So, I have never written a blog, I don’t even journal. I started to once, but never really followed through with it. I haven’t even followed any blogs until now. I love to read and have a few favorite authors, but I rarely take the time to read for enjoyment. I rarely take the time to do something I “want” to do as opposed to what I “need” to do. Work and life have always taken over and I haven’t found my passion, my life’s dream so to speak. When I think about what would make me happy and what I want to “do”, I have always had this little small voice that tells me, “you should be a writer, you have a voice, let it out, let it shine.” I have dreamed of being a “published author” for over 20 years now and haven’t taken any steps towards accomplishing that dream. I really have no experience other than writing papers in high school and college and I enjoyed it then. (Much more than getting up in front of people to do a speech or presentation) As a matter of fact I took two English Composition classes in college to get the proper credits instead of taking just one Speech class to fulfill the same requirement. I struggle with what I would write about, who would my tribe be and how do I get started. In the past 5 years or so, three personal friends of mine have written books. Two published E-books and one is still working on getting hers published. Until I saw their manuscripts, I had no idea that they were writers, writing or even had an interest in writing a book. For each friend I was happy, excited, pleasantly surprise, but most of all JEALOUS! They were doing what I wanted to do. I don’t know if I finally got to this point (starting this course and beginning the journey to becoming a writer) because of my jealousy but I know that it was certainly part of it.
Looking back at my life, I can say that I have been pretty lucky. I haven’t had to deal with any truly traumatic events. I guess my entrance into this world could be considered traumatic for my parents and grandparents anyways, as I do not remember it. I was born with a defect that caused my esophagus to be connected to one of my lungs instead of to my stomach. I underwent life saving surgery when I was just hours old and survived and thrived in the years to follow. I had good parents who provided a safe and loving home, food on the table and all the things that I needed and most of what I wanted to have. I got a good education and have several wonderful friends who have been in my life 20-30 years. Life hasn’t been perfect, as my first marriage of almost 13 years ended in a divorce after infidelity and dishonesty fractured our bond. I learned through that failure that my happiness did matter and it’s not being selfish to want to be happy. Sometimes I feel like I have been unusually blessed and don’t deserve the life I have. I feel like I am constantly waiting for the other “shoe to drop”. I gave birth to two beautiful daughters who amaze and impress me every day and after finding the love of my life 7 years ago, I also gained two wonderful stepdaughters. One of which has given my husband and I a little miracle we call our granddaughter, Jaelynn.

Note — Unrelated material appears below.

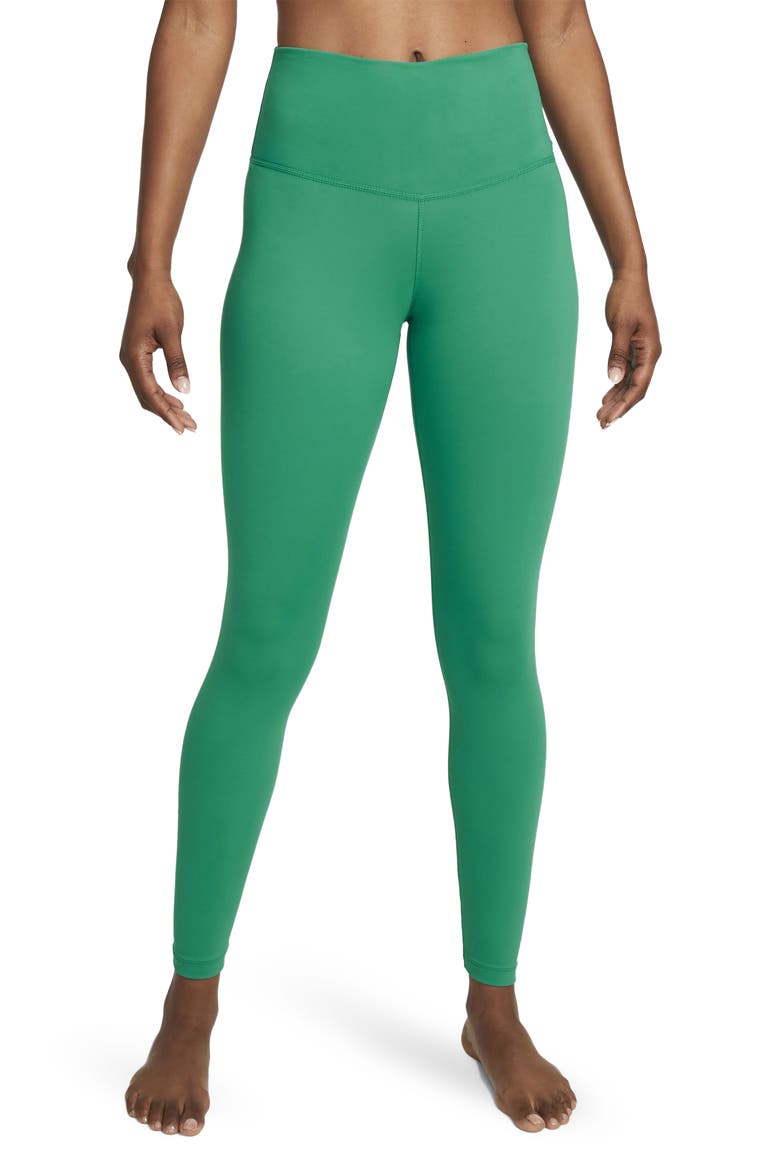 Yoga Dri-FIT High Rise 7/8 Tights, Main, color, NEPTUNE GREEN/ IRON GREY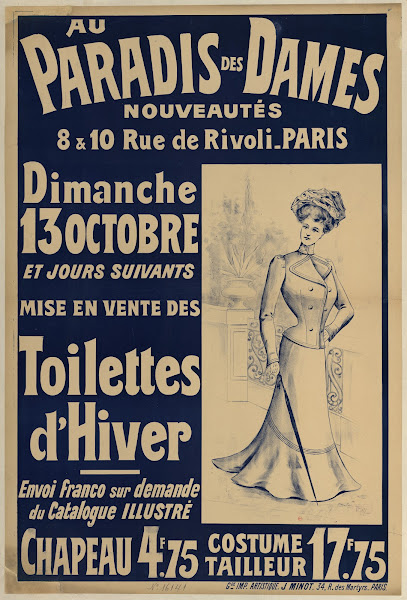 Au Paradis des Dames nouveautés Toilettes dHiver 1901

At times I feel guilty that I have not had the trials that others have had. I think that is why I struggle with what I should write about and how can I help other people. I haven’t gone through great struggles, been homeless, addicted, lost or out of control. I just sort of blend in, work to provide for my family and feel like I have never really “made a difference” in anyone’s life. This is what I need help with. Finding my niche, my tribe. Who can I encourage, who can I teach, who can I inspire? What is my voice?